Management Discussion
- We recognized $8.0 thousand of service revenue related to the Hansoh Agreement for the three months ended September 30, 2023. We did not recognize any revenue for the three months ended September 30, 2022.
- Research and development expenses were $34.1 million for the three months ended September 30, 2023, compared to $21.0 million for the three months ended September 30, 2022. The increase of $13.1 million was primarily due to (i) an increase of
- $4.3 million of KER-050-related expenses, primarily driven by a net increase of $3.0 million in manufacturing activities and preclinical activities and an increase of $1.3 million in clinical spend associated with our ongoing Phase 2 clinical trials; (ii) an increase of $1.9 million of KER-012-related expenses, primarily driven by a net increase of $2.0 million in clinical spend associated with our Phase 2 clinical trial offset by a decrease of $0.1 million in manufacturing and preclinical activities; (iii) an increase of $1.6 million in preclinical and development fees related to general platform development; (iv) an increase of $5.3 million related to personnel expenses, including an increase of $2.6 million of additional stock-based compensation costs, primarily driven by increased headcount to support the advancement of our pipeline; and (v) a net increase of $0.5 million in facilities, supplies, professional fees and other expenses due to the growth of our organization, partially offset by a decrease of (a) $0.4 million of KER-047 related expenses, primarily driven by a decrease in clinical trial activities; and (b) $0.1 million of KER-065-related expenses, primarily driven by a decrease in clinical activities.
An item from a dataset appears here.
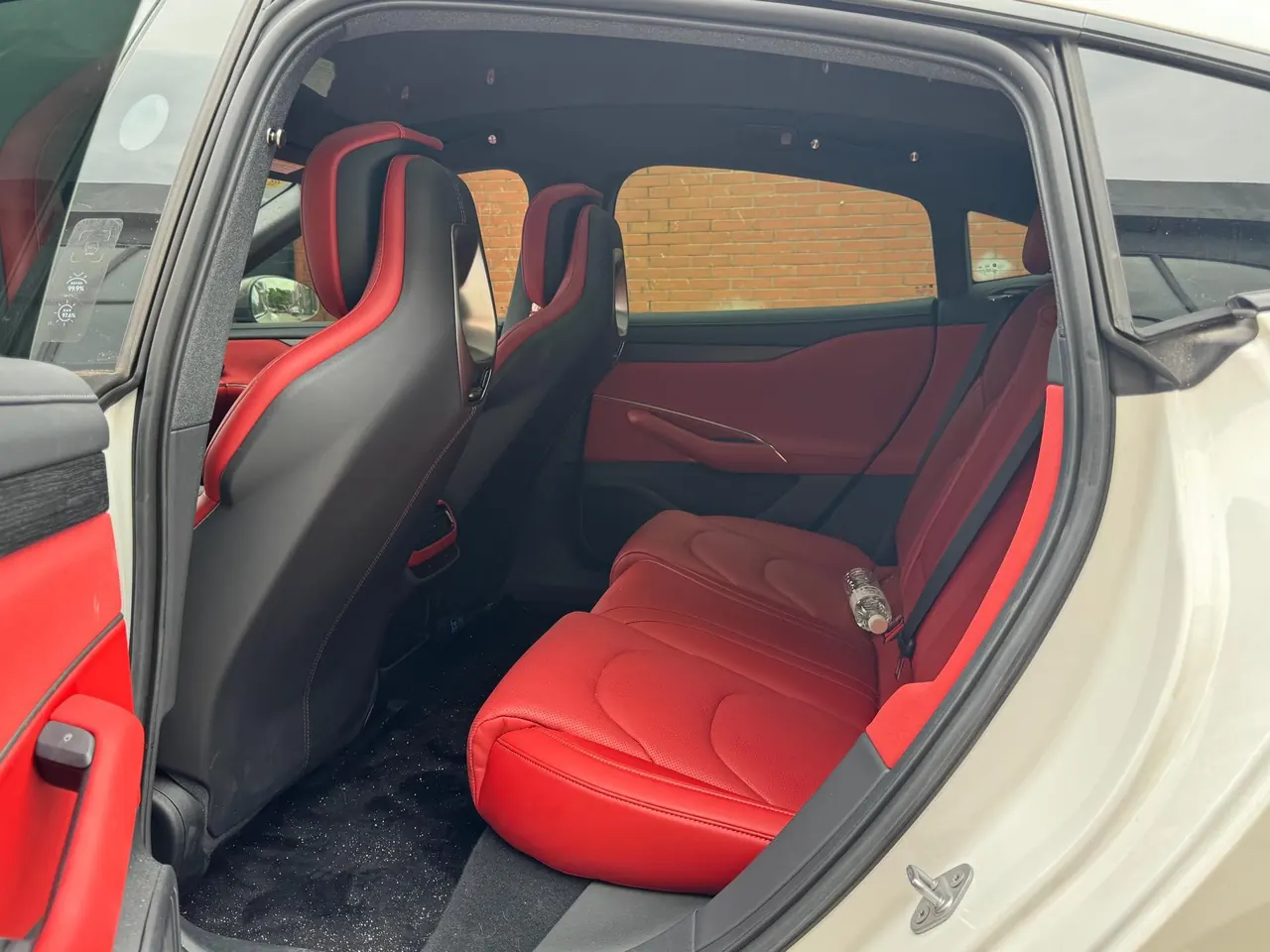MI 2024 SU 7 700km Rear Drive Long Endurance Smart Driving Edition Automatic Gear 6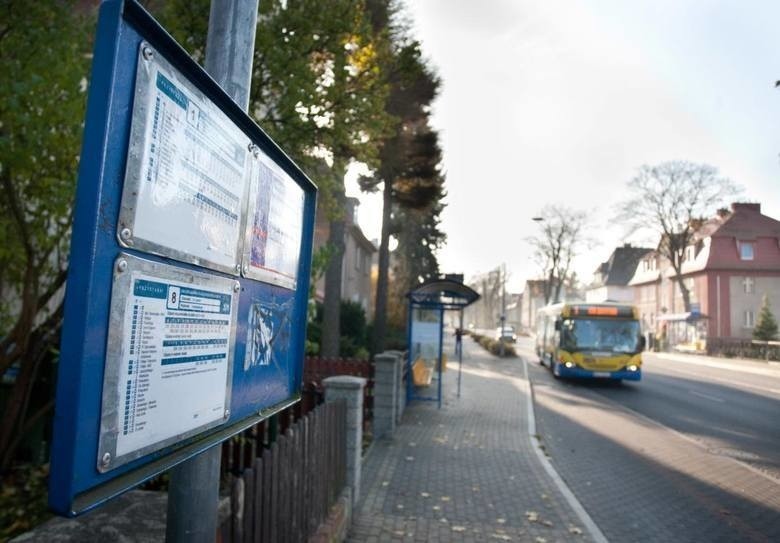 Mieszkańcy osiedla Stefana Batorego w Słupsku nadal walczą o przywrócenie autobusowej linii nr 9 .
We have separately disclosed KER-065-related expenses in 2023 due to the planned advancement of KER-065 into the clinic and have updated the 2022 research and development expense tables to separately disclose KER-065-related expenses in order to provide a meaningful comparison of the year-over-year expenses. We expect research and development expenses to fluctuate from quarter to quarter depending on the timing of clinical trial activities, clinical manufacturing and other development activities.